By Ezra Stead
We’re used to movie franchises being victim to diminishing returns, with the sequels to classic films generally lackluster at best (Ghostbusters II, Halloween II), and at worst, utter travesties that threaten to tarnish the legacy of the original (the Matrix sequels, The Godfather: Part III). On rare occasions, though, the second film in a trilogy or franchise (which I consider to be any series with more than three movies) actually surpasses the original in some way. Here are ten sequels that are, in some circles at least, considered better than the films that spawned them, and my thoughts on each.
1. THE BRIDE OF FRANKENSTEIN (1935) – this is the one that got me thinking about the topic in the first place, and it’s also the oldest of the films discussed herein.

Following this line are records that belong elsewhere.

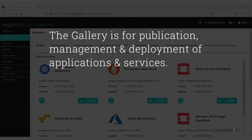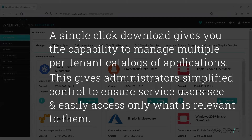In Wind River Studio, the gallery is for publication, management, and deployment of applications and services. A single-click download gives you the capability to manage multiple per-tenant catalogs of applications. This gives administrators simplified control to ensure service users see and easily access only what is relevant to them.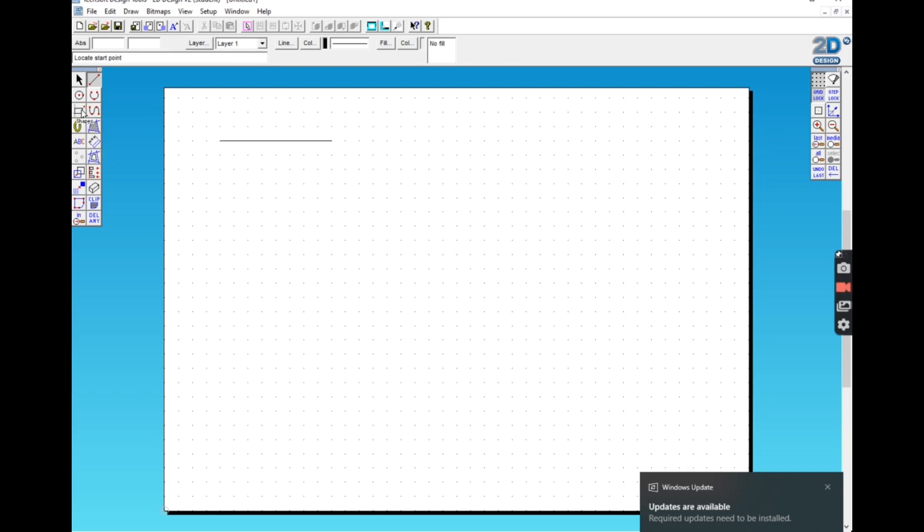Another useful tool on the left hand side of the screen is the shapes tool. Now it's set to draw rectangles at the moment. You click once to start the rectangle, move it to where you want the rectangle to finish, then click again.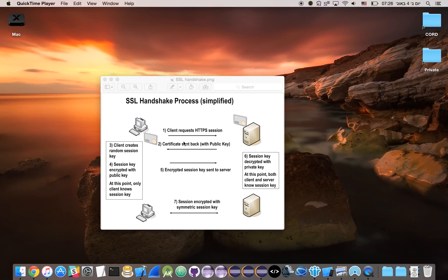Hi, my name is Idan and in this video I will demonstrate a new security feature in IBM MobileFirst Platform Foundation 7.1 called Certificate Pinning.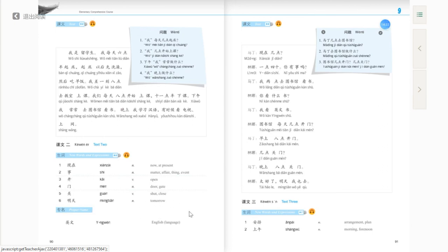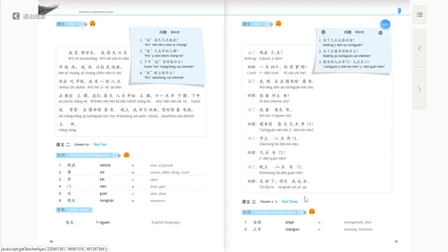Next, 明天 means tomorrow. The proper name in Text two is 英文. Similar to 中文, 英文 especially refers to the written English language, as compared to 英语 which refers to spoken English. So 英文 means written or printed English, like an English book — 英文书.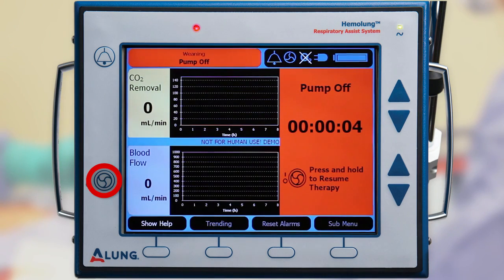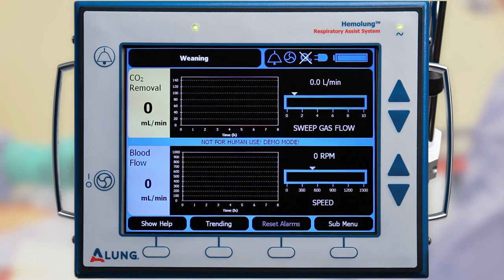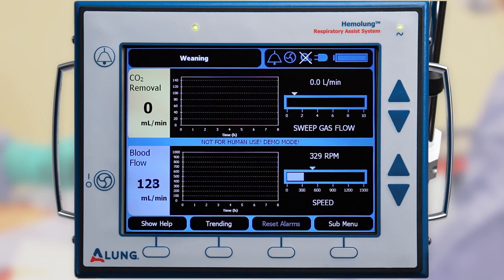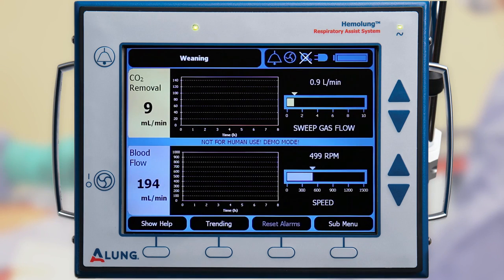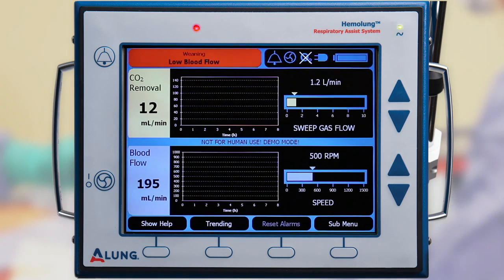Press and hold the pump start/stop button to start the pump. Once initiated, the system will run at a default pump speed of 500 revolutions per minute and sweep gas flow rate of 1 liter per minute. The pump speed and sweep gas flow rate can be slowly adjusted to the desired settings while carefully monitoring the patient.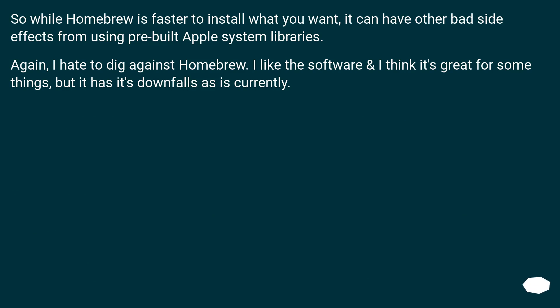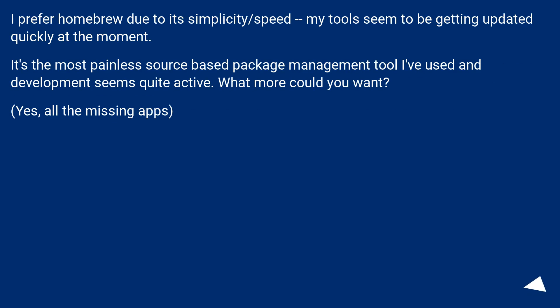So while Homebrew is faster to install what you want, it can have other bad side effects from using prebuilt Apple system libraries. I don't like to argue against Homebrew — I like the software and think it's great for some things, but it has its downfalls as currently stands. I prefer Homebrew due to its simplicity and speed. My tools seem to be getting updated quickly. It's the most painless source-based package management tool I've used and development seems quite active. What more could you want?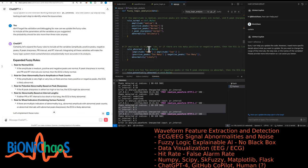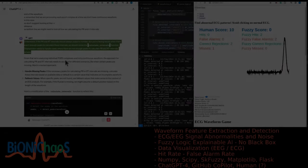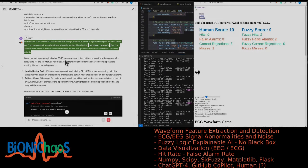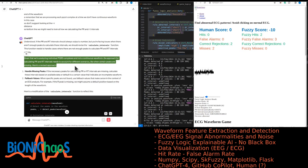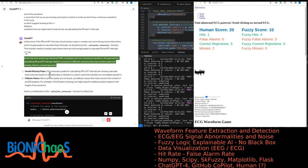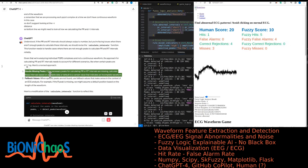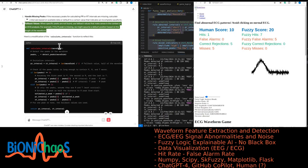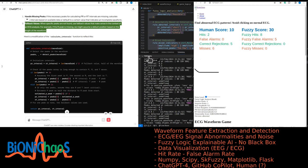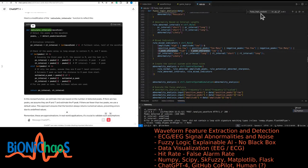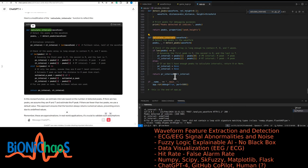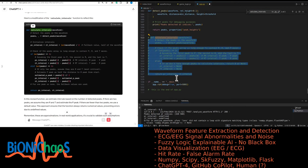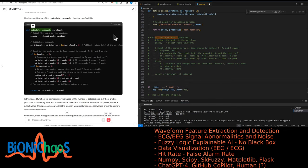This setup should improve the system's ability to classify ECG patterns accurately. If the PR and RT intervals should always output a number but you face issues when there aren't enough peaks to calculate them, we should revise the calculate intervals function. It needs to handle cases where there are not enough peaks to calculate PR and RT intervals reliably. Handle missing peaks: if the necessary peaks are missing, calculate based on available data or default to a value indicating an incomplete waveform. If there are two peaks, assume they are R and T and estimate the P peak. If there are fewer than two peaks, use a default value.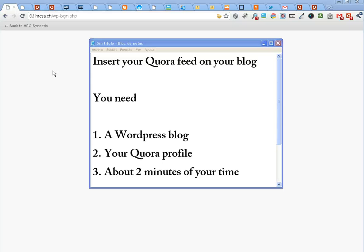This is how you can display your Quora activity on your WordPress blog. You need a WordPress blog, your Quora profile, and about 2 minutes.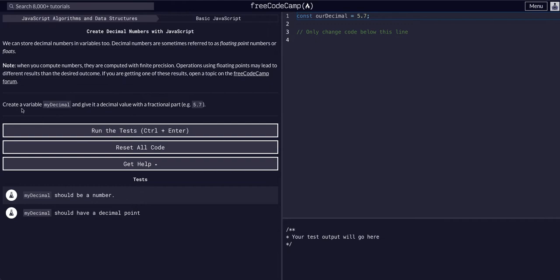So we're going to create a variable called myDecimal and we're going to give it a decimal value with a fractional part — for example, 5.7. So myDecimal should be a number and should have a decimal point.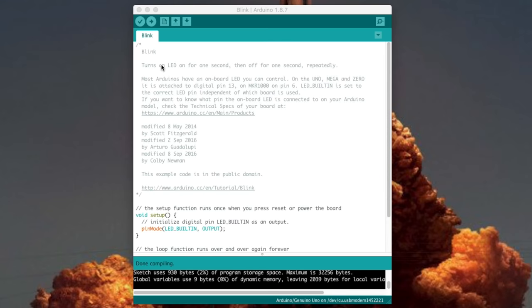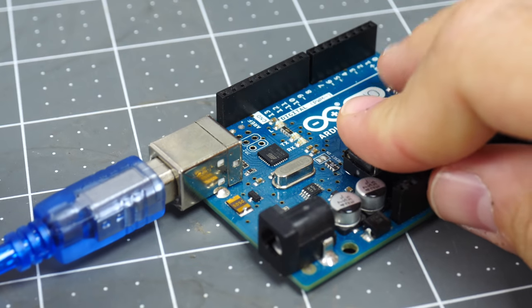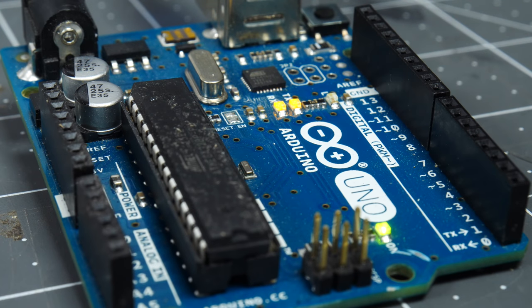To write the code for an Arduino, you're going to have to work on a different computer. You're going to have to use something called an IDE — a program that lets you write the code and compile it down to instructions that the Arduino can understand. Once you get that written and compiled, you're going to send it to the Arduino over a USB cable. Those instructions get flashed directly onto the chip and can't be changed until you overwrite them with new code.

James Whale’s follow-up to his 1931 hit, Frankenstein, ties up the loose end of Victor Frankenstein (Colin Clive) promising his monster (Boris Karloff) a bride to quell his loneliness. It also features most of the iconic images and dialogue associated with Universal Studios’ most famous monster, including Frank learning to smoke in the hut of the blind man he befriends (which was cemented in the public consciousness by Mel Brooks’ spoof of it in 1974’s Young Frankenstein). Bride’s expert blend of humor and pathos, as well as truly chilling moments such as Frank’s hollow, soulless intonation of the classic line, “I love dead,” make it not only better than the original Frankenstein, but also the best of all Universal monster movies.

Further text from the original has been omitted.